We enjoyed our trip, but why was the Alaska Highway built, and why did it need to be completed so fast? The tourist information says this: The Japanese bombing of Pearl Harbor in 1941 forced the America and Canadian governments to re-evaluate the security of North America. They needed a secure supply route to haul military goods and materials from the lower states to Alaska and it had to be completed in less than one year. The story of the men, the equipment, and their triumphs over nature to open the northern passage is as legendary as the men who risked their lives to build the highway.
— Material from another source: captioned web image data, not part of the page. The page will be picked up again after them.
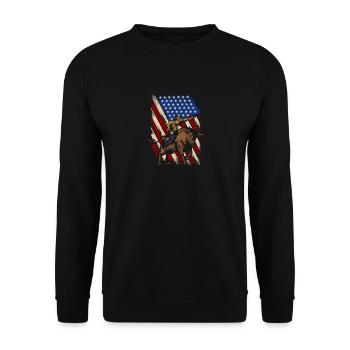 Cowboy America - Sweat-shirt Unisexe - noir - Devant - Alina (178cm) & Michal (187cm)
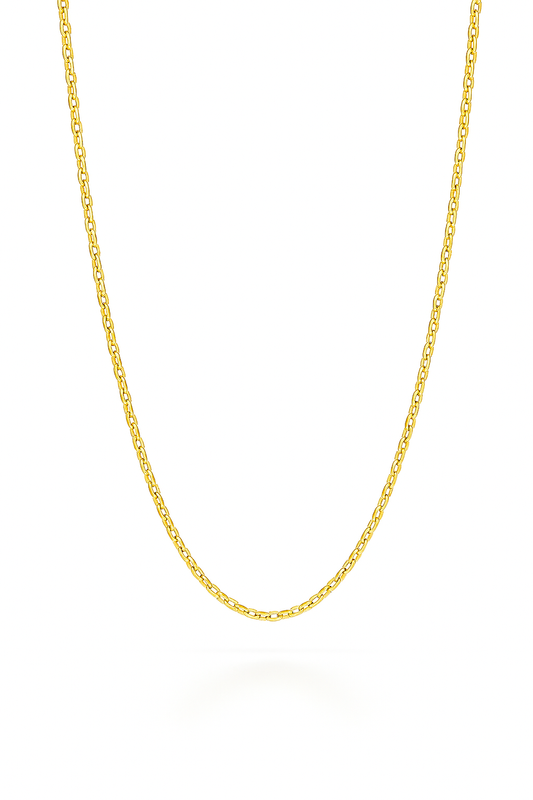 Gold chain necklace on a white background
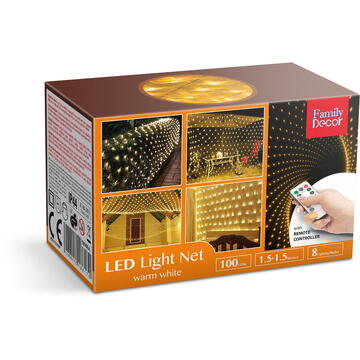 Plasă luminoasă LED - 100 LEDuri alb-cald - 1.5 x 1.5 m - 230V - cu telecomandă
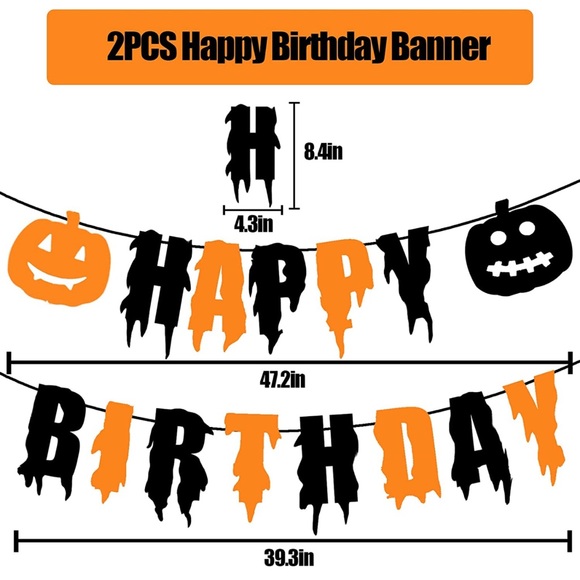 Happy Birthday “Halloween” Banner. Like new condition. - Picture 2 of 4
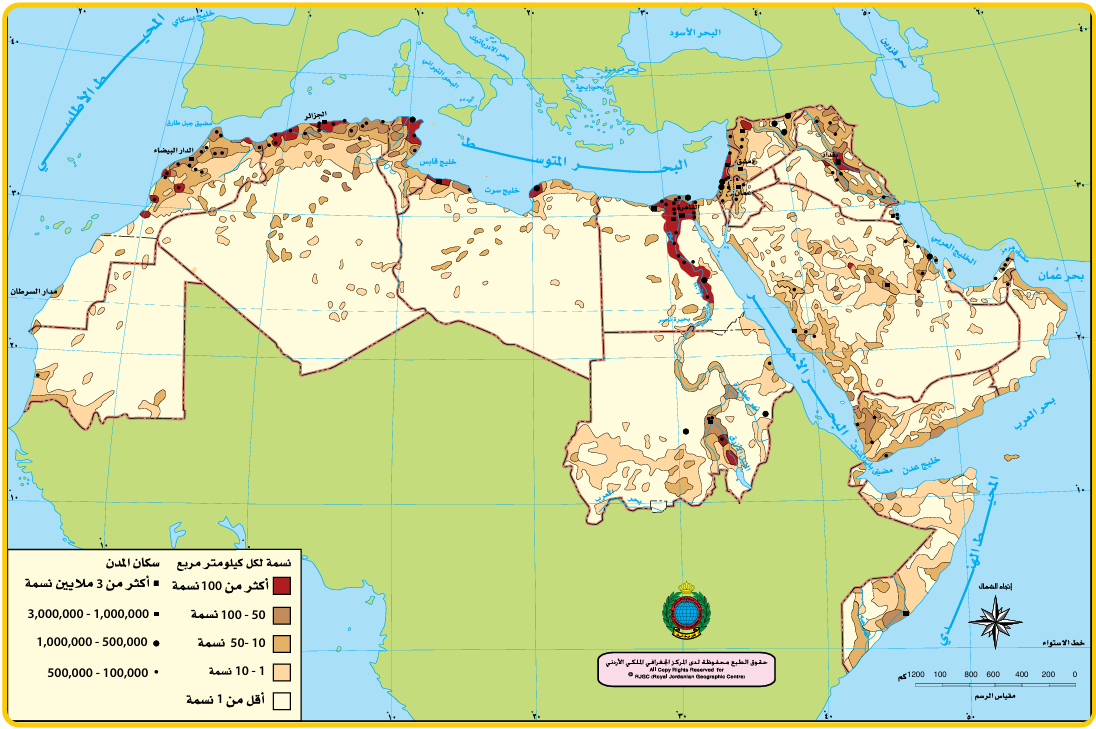 الكثافة السكانية الوطن العربي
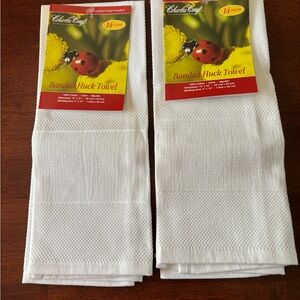 COPY - Charles Craft Banded Huck Towels Lot of 2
Next to the official beginning of the Alaska Highway is another sign explaining things, but it is covered with bumper stickers now. But you can see it is mile 0 here.
This is an exciting drive for many motorists. Across the street, we saw the Surveyor Statue.
This statue is a tribute to the tens of thousands of men who arrived in Dawson Creek in the spring of 1942 to build the Alaska Highway. The Iron Surveyor statue stands as a reminder of the amazing feat and of those who lost their lives in the effort. Standing above the traffic circle that leads you onto the famous highway, the surveyor points northwest along the path that became first a mud track and finally the paved highway we have today. Created by local sculptor, Karl Mattson, whose family has ranched in the region for generations, the statue is welded from scrap metal from local farms. The clothing and surveyor’s transit are true to the style of the 1940’s. If you go to Dawson Creek, spend some time here to visit museums and walk around the town. There is so much history and so many interesting things to see here. But we have to keep driving for the next there days. Our next stop was for a beaver.
Here we are in Beaverlodge, Alberta, Canada. In 2004 this giant statue of a beaver was built here, next to the Visitor’s Center. Each town along the Alaska Highway and roads leading to Dawson Creek, try to have a reason for travelers and tourists to stop. Beaverlodge has, according to Roadside America, the world’s largest beaver. This beaver is 15 feet tall, 18 feet long and sits on a log that is 20 feet long. And, weighs 3,000 pounds. The beaver was built to commemorate the town’s 75th anniversary. This was our last photo stop. We drove to Edmonton, Canada tonight. The next day we drove south through Calgary, Canada and into Great Falls, Montana, USA. Another long drive and we arrived home, west of Denver, Colorado. This was a great trip, but of course, we did not see everything. Some day we would like to drive leisurely, through the USA and Canada to Dawson Creek. There is so much more to see, but maybe??? So many place to see, so little time to travel and explore. We hope you drive all or part of the way to Fairbanks, Alaska. It was beautiful and fun.